Minutes of the Fed's last policy meeting, published on
Wednesday, showed board members felt the economy was still short
of target and reiterated their accommodative monetary stance.
Fed Chairman Jerome Powell is due to speak on Thursday at an
International Monetary Fund event, where he is expected to
reiterate the central bank's dovish outlook.
A report from the U.S. Labor Department showed jobless
claims unexpectedly increased last week, a blemish among a
string of otherwise upbeat recent economic data.

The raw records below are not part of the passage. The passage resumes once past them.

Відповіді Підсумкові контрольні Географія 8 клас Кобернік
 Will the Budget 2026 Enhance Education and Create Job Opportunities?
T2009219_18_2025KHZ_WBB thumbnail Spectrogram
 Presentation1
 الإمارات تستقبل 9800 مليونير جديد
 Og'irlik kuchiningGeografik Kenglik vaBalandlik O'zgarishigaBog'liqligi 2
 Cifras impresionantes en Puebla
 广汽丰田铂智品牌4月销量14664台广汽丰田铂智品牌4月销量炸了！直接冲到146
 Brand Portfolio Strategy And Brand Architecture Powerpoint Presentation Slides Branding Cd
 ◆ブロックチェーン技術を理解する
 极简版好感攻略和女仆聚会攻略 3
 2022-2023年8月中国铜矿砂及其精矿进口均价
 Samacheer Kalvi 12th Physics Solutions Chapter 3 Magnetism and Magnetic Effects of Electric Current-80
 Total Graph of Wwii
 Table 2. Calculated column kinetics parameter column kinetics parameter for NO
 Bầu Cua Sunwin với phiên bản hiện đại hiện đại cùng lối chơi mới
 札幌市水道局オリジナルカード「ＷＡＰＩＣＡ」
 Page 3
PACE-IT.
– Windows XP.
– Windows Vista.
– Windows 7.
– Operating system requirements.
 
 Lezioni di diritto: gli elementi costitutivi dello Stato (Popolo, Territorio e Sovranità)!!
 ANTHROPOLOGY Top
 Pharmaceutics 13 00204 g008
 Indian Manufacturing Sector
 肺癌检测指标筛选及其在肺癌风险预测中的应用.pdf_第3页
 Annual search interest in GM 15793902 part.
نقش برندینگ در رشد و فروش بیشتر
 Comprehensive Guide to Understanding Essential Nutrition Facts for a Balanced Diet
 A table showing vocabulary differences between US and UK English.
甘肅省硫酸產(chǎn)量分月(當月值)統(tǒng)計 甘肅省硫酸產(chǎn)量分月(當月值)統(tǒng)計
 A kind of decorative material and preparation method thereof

The Dow Jones Industrial Average .DJI fell 34.39 points,
or 0.1%, to 33,411.87, the S&P 500 .SPX gained 8.18 points, or
0.20%, to 4,088.13 and the Nasdaq Composite .IXIC added 96.58
points, or 0.71%, to 13,785.42.
The pan-European STOXX 600 index .STOXX rose 0.45% and
MSCI's gauge of stocks across the globe .MIWD00000PUS gained
0.30%.
Emerging market stocks rose 0.28%. MSCI's broadest index of
Asia-Pacific shares outside Japan .MIAPJ0000PUS closed 0.53%
higher, while Japan's Nikkei .N225 lost 0.07%.
U.S. Treasury yields fell on Thursday, pressured by
weaker-than-expected initial weekly jobless claims and continued
short-covering following a sell-off in the last month that took
benchmark 10-year rates to more than one-year peaks.
Benchmark 10-year notes US10YT=RR last rose 2/32 in price
to yield 1.6474%, from 1.654% late on Wednesday.
The 30-year bond US30YT=RR last /32 in price to yield
2.3362%, from 2.336% late on Wednesday.
The dollar edged lower against a basket of currencies,
tracking Treasury yields and hovering near a two-week low.
The dollar index .DXY fell 0.32%, with the euro EUR= up
0.24% to $1.1899.
The Japanese yen strengthened 0.55% versus the greenback at
109.27 per dollar, while Sterling GBP= was last trading at
$1.3731, down 0.02% on the day.
Crude oil prices were weighed down by jump in U.S. gasoline
stocks, as demand remained sluggish despite signs of an economic
rebound. U.S. crude CLcv1 fell 0.77% to $59.31 per barrel and Brent
LCOcv1 was last at $62.88, down 0.44% on the day.
Gold prices jumped, scaling a one-month peak as the Fed's
assurances that its accommodative policy will remain in place
weighed on Treasury yields and the greenback. Spot gold XAU= added 1.0% to $1,755.28 an ounce.